─── PROVIDED DATA
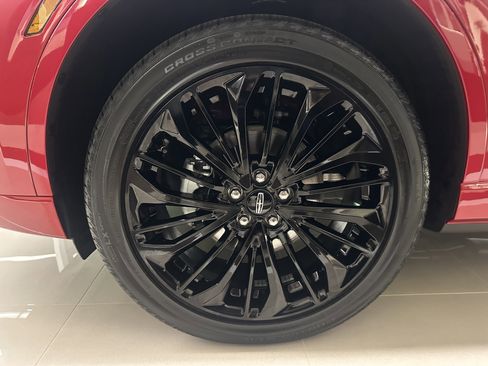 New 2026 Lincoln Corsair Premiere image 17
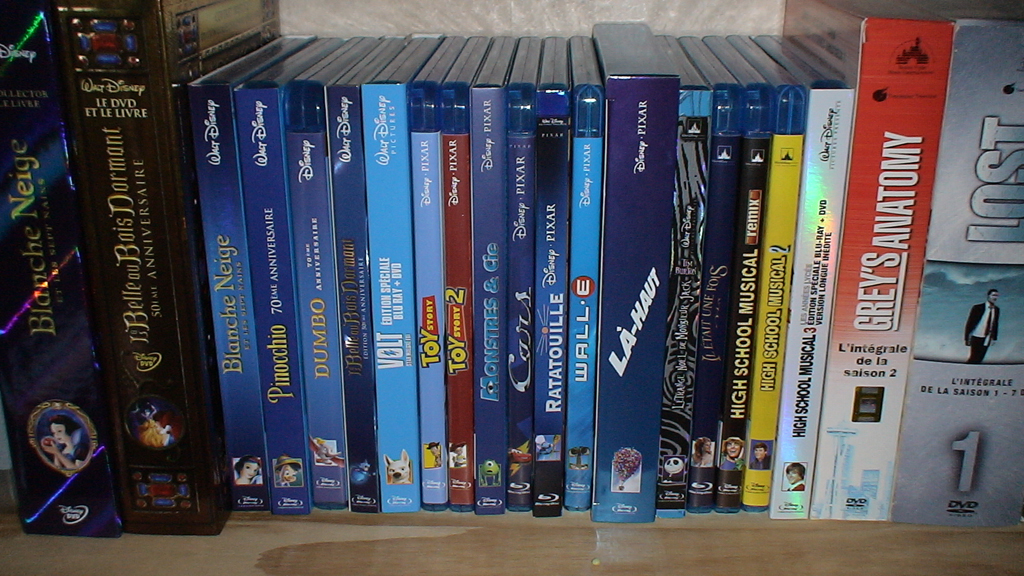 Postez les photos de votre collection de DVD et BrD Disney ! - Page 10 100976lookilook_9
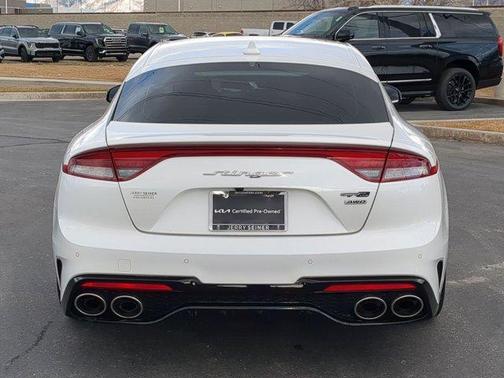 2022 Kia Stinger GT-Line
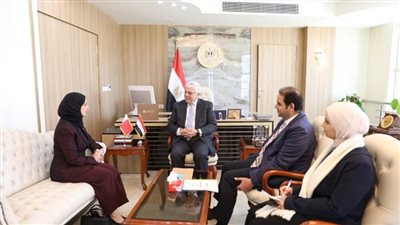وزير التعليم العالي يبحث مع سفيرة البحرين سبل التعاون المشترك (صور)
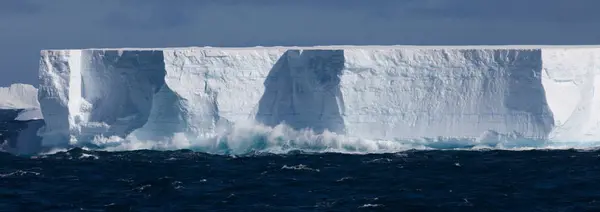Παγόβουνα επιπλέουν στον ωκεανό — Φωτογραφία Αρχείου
──────
PROBLEM DESCRIPTION: Please set down the records exactly, and keep every image out of the copy.

OUTPUT OF THE TASK:
 New 2026 Lincoln Corsair Premiere image 17
 Postez les photos de votre collection de DVD et BrD Disney ! - Page 10 100976lookilook_9
 2022 Kia Stinger GT-Line
وزير التعليم العالي يبحث مع سفيرة البحرين سبل التعاون المشترك (صور)
Παγόβουνα επιπλέουν στον ωκεανό — Φωτογραφία Αρχείου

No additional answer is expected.